Dir. by James Goldstone - 1 hr. 37 min.
Original Trailer
by Clayton Hollifield
You know, sometimes I'm wrong about things. When I was scouring the TCM listings late one night, I came across a movie starring James Garner and a dog, and I thought to myself that it sounded funny. But I was dreadfully wrong. It was not funny, and it wasn't entertaining, either. I hadn't bargained for a lame small-town cop story, nor a ton of Simon & Garfunkel knock-off acoustic guitar noodling, nor my needing two sittings to finish the movie.
Let's begin with the premise that Abel Marsh (James Garner) is a crappy small-town cop with crappy instincts and no budget to work with. Actually, just think back to watching "Jaws," but without the whole killer shark angle. A dead woman turns up in the surf, discovered by a Doberman Pinscher, whom everyone immediately assumes killed the woman. But a week later, they figure out that she had been drowned instead, and we have an official murder on our hands. And since the dog, Murphy, is no longer a suspect, one of the women at the vet's office, Kate (Katharine Ross) guilts Abel into adopting the dog, and sweetens the pot by engaging in some steamy business with him.

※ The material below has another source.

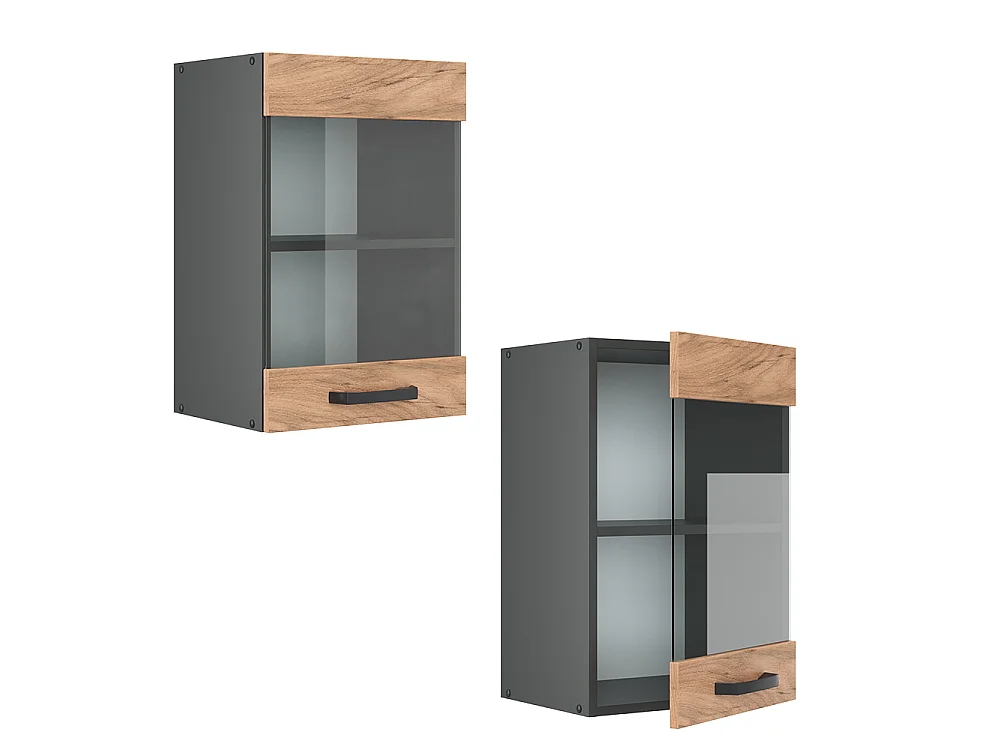 Glazen keukenkast krachtige eik goud 40x31x60 r-line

I ordinarily start off by trying to say something complimentary about a movie, but I don't have much of anything to say about "They Only Kill Their Masters." I'm generally pro-James Garner, and that was enough to get me to watch this in the first place, but even he seems bored by the conundrum he's in. This decade of film is littered with fantastic "bad cop" movies (you could probably think of half a dozen of them that are pretty much essential-viewing without breaking a sweat), and this film takes that scenario, and then promptly forgets to pile on the main character, or even to make him that bad of a guy to begin with. Abel isn't a "bad cop," he's just not very good at what he does, and that's not even exploited for laughs. He gets a hunch, follows it, and then discovers that it's wrong and moves on to his next hunch. I think that happens at least four times over the course of this film. At the least, it's inefficient police-work, and for a cash-strapped small-town police force, that ought to be a matter of concern.

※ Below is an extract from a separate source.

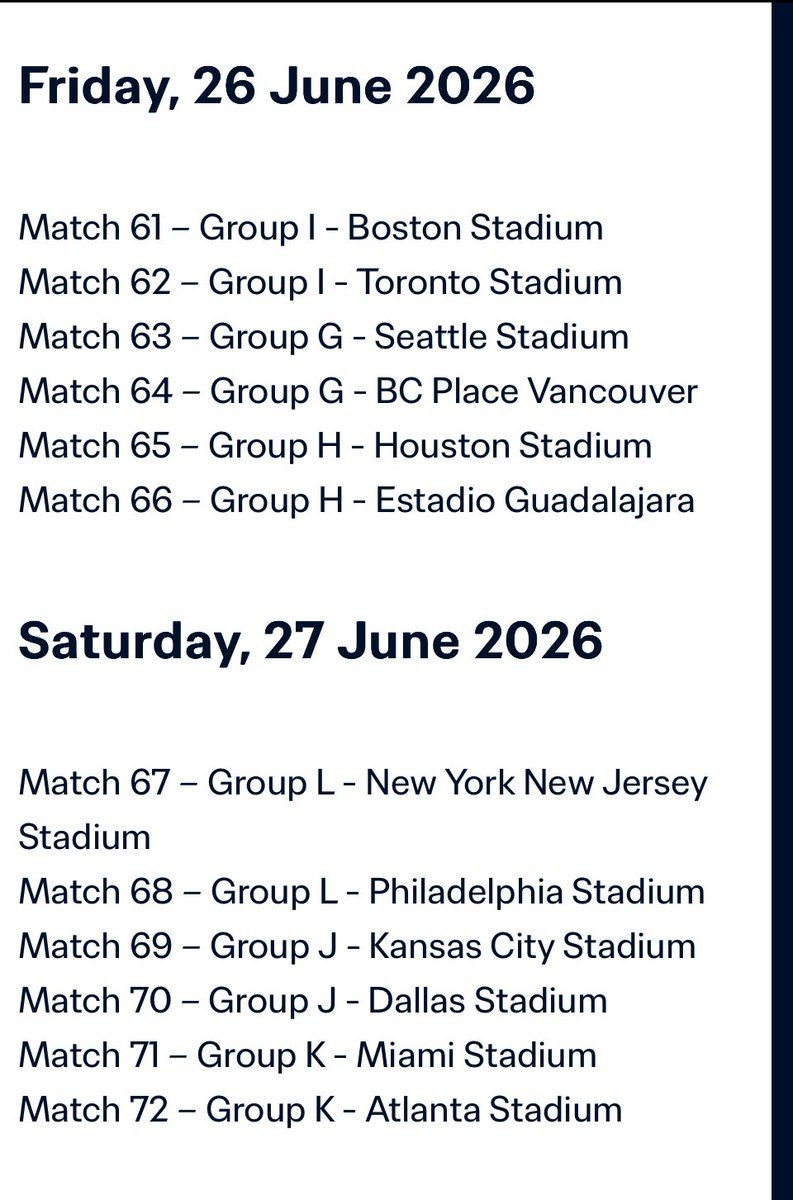 World Cup 26: Group H - Match 65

Beyond that, the tone is all weird. Some of the people that Abel is investigating are basically swingers, and I think we're supposed to judge that harshly. Abel has some weird, judgmental offhand remarks (there was one in particular, patronizingly making sure that he's got the nomenclature for a menage-a-trois right), partially motivated by the small-town folks being shocked by big-city behavior (the only real difference being that people in cities don't try very hard to cover up what they're doing). At the same time, Abel is banging Kate like a barista trying to shake loose your smoothie from the blender, but I guess that's okay. But instead of provoking some sort of moral outrage, these kinds of moments just come off lukewarm, and pretty much without meaning beyond making Abel look like he hates everyone around him, but doesn't have the courage to do anything about it. And there's this dog, which doesn't even have the acting chops to command his own scenes.
Look, "They Only Kill Their Masters" is weak. Even if you like James Garner, and are amused by the idea of him interacting with a dog on-screen, or even if you like bad cop movies, this isn't going to do the trick. The only thing this movie succeeded at doing was making me wonder why I didn't just queue up a couple of episodes of "The Rockford Files" instead.